[ExI] Privatization and so called public "ownership"/was Re: Americans are poor drivers
Stathis Papaioannou
stathisp at gmail.com
Thu Jul 9 14:07:20 UTC 2009
2009/7/9 Dan <dan_ust at yahoo.com>:
> While it can happen that way, there is nothing "natural" about it. A better path to privatizing a government owned resource -- since "public ownership" really means government ownership and is, for the most part, merely rhetorical cover for taking stuff away from the original owners -- would be to find from whom the resource was first taken. In some cases, this might be a group, but then ownership is no different from any other form of private group ownership. And there's no reason in that sort of case to believe or support the view that individual members of such a group would have no ability to sell their shares.
You could make an argument for giving public land back to the
aboriginal inhabitants, but then there would still be the issue of
what to do with the improvements to the land, paid for by taxpayers
over centuries. As for what type the shares will be, that should
ultimately be up to the shareholders. You seem to hold as a basic
moral principle, "free trade is always right". But this is just
something that you have taken a fancy to; it isn't like a scientific
law or a mathematical theorem. For example, most people would not
support the idea that you should be able to sell yourself into
slavery, or that you should be able to sell the atmosphere and cut of
the oxygen supply to anyone who can't pay. Moral or economic
principles should not be established a priori and followed to
ridiculous ends, no matter what. That was the mistake of the Soviets.
> Also, in the case of roads, where former private owners can't be found -- as in the case where they and their heirs are dead or untraceable -- then the proper thing to do is to put them back into the state of unclaimed properties and allow them to be homesteaded. (And not everyone would have an equal right to homestead here -- unlike with purely unowned items. Why? Some -- specifically, those in government and those, more or less directly connected to government, cannot have an equal claim to homestead as their actions or the actions of their criminal organizations served to place or maintain such properties in a state where their original owners lost them or could not get them back. Thus, in former socialist nations, the party members should NOT have any claims on factories or other stolen property.)
Homesteading is one way of distributing public land. Perhaps there are
other ways. Who should decide what is the best and fairest thing to
do?
> Add to this, members of the government should NOT be allowed to have ownership. They must be excluded just as a thief would be excluded. This would also go for non-tax-paying members of the populace who had nothing to do with the original ownership. For instance, were I to move to, say, Nova Scotia, where I've never paid taxes (viz., never had the Nova Scotian government steal from me) and never had any just claim over property there, I could not claim that, since I'm now a member of the public there, I have a just claim over any privatized roads or similar properties. (Granted, if people who justly owned these decided to give me some claim to the properties, that's another story. But this requires them to do so -- not my merely moving there and making the claim as a new member of the Nova Scotia public; it is NOT the default state of things.)
The people of Nova Scotia would decide what to do.

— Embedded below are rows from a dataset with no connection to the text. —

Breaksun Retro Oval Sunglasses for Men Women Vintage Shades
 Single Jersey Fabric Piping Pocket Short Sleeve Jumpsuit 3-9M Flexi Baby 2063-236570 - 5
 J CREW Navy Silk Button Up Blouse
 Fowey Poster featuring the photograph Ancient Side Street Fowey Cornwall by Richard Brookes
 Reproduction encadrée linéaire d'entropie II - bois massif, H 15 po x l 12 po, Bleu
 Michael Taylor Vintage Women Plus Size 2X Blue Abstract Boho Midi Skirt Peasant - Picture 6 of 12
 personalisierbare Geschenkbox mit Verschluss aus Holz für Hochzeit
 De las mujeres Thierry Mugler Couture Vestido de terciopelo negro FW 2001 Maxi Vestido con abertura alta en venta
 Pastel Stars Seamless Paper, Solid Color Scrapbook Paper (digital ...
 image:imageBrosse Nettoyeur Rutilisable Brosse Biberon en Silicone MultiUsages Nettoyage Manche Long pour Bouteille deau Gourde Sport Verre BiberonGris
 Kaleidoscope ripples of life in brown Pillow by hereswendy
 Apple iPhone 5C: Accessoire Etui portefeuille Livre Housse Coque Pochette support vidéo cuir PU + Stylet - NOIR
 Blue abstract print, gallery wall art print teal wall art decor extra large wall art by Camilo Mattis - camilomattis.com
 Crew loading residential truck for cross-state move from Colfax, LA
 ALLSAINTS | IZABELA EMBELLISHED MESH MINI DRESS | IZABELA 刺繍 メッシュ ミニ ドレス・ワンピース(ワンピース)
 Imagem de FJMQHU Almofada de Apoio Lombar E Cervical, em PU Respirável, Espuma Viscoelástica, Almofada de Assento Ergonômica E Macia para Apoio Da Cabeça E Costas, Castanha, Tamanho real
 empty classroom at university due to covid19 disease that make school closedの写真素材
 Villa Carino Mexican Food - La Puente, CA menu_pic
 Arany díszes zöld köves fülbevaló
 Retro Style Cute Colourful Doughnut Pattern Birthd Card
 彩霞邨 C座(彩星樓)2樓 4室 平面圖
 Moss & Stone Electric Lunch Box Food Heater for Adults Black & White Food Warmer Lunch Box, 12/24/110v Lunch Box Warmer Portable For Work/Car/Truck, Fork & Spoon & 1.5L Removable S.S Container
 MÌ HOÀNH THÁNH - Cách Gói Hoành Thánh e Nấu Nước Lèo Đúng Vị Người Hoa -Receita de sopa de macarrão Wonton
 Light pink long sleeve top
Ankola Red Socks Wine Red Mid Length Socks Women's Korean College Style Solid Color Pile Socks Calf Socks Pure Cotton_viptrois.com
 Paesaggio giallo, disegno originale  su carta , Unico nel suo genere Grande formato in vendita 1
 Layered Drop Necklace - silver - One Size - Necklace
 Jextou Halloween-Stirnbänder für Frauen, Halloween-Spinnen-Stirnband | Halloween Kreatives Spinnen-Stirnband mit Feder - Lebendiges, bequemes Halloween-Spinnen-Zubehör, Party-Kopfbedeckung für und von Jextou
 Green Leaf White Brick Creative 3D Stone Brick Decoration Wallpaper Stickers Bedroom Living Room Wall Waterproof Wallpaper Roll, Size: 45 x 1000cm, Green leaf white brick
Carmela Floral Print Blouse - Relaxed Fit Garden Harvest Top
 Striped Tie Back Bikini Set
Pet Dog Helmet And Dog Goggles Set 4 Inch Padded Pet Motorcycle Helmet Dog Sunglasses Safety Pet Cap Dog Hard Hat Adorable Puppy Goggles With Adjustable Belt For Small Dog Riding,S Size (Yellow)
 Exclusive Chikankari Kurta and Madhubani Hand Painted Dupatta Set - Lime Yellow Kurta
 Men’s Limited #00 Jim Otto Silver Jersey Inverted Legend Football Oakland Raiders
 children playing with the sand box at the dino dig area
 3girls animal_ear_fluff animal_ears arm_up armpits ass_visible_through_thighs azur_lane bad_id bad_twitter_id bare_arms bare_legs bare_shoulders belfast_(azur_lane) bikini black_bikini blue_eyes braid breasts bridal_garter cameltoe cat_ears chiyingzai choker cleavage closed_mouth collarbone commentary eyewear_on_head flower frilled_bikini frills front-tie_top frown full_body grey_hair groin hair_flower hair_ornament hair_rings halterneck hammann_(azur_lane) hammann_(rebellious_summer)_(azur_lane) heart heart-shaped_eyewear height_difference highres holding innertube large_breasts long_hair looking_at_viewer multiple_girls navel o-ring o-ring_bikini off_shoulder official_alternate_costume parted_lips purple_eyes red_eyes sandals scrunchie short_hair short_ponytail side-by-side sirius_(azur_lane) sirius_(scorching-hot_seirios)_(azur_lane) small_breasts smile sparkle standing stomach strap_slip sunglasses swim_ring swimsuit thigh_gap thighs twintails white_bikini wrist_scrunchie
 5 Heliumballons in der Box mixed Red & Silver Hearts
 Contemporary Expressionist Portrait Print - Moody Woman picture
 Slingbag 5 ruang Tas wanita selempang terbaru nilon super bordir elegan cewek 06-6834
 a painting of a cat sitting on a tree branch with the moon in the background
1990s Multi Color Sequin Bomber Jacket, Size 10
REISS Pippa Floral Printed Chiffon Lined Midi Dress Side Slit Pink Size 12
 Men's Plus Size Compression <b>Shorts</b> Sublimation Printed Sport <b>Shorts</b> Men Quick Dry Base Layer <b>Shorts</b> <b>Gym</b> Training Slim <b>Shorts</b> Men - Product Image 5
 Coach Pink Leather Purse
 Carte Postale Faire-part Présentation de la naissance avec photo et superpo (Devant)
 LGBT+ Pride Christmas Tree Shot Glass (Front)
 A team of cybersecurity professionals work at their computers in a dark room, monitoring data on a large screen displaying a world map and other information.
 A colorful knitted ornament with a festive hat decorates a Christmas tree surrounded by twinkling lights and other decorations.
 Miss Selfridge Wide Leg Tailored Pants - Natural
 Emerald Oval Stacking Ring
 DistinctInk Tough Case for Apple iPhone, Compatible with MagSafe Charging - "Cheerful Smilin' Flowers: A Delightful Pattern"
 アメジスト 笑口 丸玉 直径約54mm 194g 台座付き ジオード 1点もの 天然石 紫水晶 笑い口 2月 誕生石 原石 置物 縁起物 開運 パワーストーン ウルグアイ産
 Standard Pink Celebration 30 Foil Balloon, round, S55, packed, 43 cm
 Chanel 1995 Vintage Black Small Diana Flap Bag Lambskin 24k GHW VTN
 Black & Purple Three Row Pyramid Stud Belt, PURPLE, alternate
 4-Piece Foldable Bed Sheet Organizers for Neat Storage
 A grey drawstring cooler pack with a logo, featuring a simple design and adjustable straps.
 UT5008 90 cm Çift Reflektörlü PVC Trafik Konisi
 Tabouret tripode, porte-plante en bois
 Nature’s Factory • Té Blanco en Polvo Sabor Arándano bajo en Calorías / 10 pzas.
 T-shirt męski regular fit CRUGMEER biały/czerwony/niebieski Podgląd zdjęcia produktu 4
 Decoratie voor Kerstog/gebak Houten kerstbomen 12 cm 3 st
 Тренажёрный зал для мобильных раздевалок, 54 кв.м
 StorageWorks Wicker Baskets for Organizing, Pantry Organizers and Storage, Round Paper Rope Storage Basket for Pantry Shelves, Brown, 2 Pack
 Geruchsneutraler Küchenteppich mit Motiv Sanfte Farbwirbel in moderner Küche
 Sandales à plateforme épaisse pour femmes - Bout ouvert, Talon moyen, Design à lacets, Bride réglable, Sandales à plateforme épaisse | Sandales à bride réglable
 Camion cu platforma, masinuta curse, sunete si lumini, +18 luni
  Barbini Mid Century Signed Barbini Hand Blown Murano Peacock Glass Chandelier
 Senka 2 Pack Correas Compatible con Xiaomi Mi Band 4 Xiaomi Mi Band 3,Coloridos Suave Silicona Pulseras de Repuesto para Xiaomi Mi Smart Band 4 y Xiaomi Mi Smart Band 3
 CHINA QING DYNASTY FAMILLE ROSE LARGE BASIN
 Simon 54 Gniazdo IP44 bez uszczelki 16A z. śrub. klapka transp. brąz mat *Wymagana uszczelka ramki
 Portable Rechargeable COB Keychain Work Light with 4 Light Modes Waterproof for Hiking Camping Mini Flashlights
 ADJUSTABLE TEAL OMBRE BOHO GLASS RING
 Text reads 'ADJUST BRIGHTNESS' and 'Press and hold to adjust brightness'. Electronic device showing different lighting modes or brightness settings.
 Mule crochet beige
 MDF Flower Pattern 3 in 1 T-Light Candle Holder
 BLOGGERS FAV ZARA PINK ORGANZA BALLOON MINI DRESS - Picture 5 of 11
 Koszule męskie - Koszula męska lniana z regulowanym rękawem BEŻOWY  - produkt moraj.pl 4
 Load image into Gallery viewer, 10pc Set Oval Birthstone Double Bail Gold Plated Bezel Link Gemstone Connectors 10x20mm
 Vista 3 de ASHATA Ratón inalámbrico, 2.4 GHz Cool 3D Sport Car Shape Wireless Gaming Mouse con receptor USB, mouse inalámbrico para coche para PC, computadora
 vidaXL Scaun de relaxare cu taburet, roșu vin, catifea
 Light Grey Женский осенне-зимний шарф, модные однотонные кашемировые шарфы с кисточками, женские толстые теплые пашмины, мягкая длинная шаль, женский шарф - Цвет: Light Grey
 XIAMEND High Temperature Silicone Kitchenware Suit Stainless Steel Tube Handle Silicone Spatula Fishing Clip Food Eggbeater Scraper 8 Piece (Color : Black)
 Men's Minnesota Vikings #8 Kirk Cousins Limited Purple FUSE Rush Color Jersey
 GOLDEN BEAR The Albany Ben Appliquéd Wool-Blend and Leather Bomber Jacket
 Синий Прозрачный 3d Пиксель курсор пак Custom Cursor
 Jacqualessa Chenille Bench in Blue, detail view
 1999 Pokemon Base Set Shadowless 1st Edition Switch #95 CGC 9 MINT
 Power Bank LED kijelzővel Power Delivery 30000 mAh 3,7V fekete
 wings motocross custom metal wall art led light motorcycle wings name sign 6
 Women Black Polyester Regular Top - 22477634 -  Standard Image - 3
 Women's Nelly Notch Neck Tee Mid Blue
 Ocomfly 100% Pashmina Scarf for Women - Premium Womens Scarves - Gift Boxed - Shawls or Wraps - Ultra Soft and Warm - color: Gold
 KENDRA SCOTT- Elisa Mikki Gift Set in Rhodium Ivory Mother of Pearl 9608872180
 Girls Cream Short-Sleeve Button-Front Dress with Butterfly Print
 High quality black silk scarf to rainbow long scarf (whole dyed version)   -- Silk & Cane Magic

They may decide to
charge outsiders, but not citizens, a fee for using the roads, or they
may decide to charge all citizens a flat fee, or they may decide to
charge only drivers a fee per kilometre driven.
>> After all, this is why publicly
>> owned resources and companies exist, although from time to
>> time they are privatised.
>
> I think the matter is more complicated than this and doesn't fit your view -- at least, not outside of rhetoric used to legitamize such claims. In most cases of public companies and resources, these were stolen from their original owners or, in the cases of unowned things, were not justly homesteaded. In the former case, the just choice, where it's possible, is to return the property to its original owners. E.g., a factory nationalized must be returned to its original owners. (There might be some dispute over whether any betterments or improvements were made, but the grounding principle is to return the property to its original owners. In some cases, this might involve removing changes or having some form of division. E.g., the factory is returned to its original owners but the new machine installed at taxpayers' expense is given back to the specific taxpayers who paid for it.)
>
> In the latter case, merely having the government decree that some such
> hectares belong to it or the public is not homesteading. In fact, it merely prevents others from justly homesteading the hectares. This can be applied to large sections of the United States -- where the land was not formerly owned by the aboriginal peoples. I.e., that land -- the unowned land that the US or state governments took -- would be open for homesteading.
Why insist that homesteading is the only just way to do things? Why
not say, for example, that land belongs to the collective, and anyone
who uses land must lease it from the collective, as per Henry George?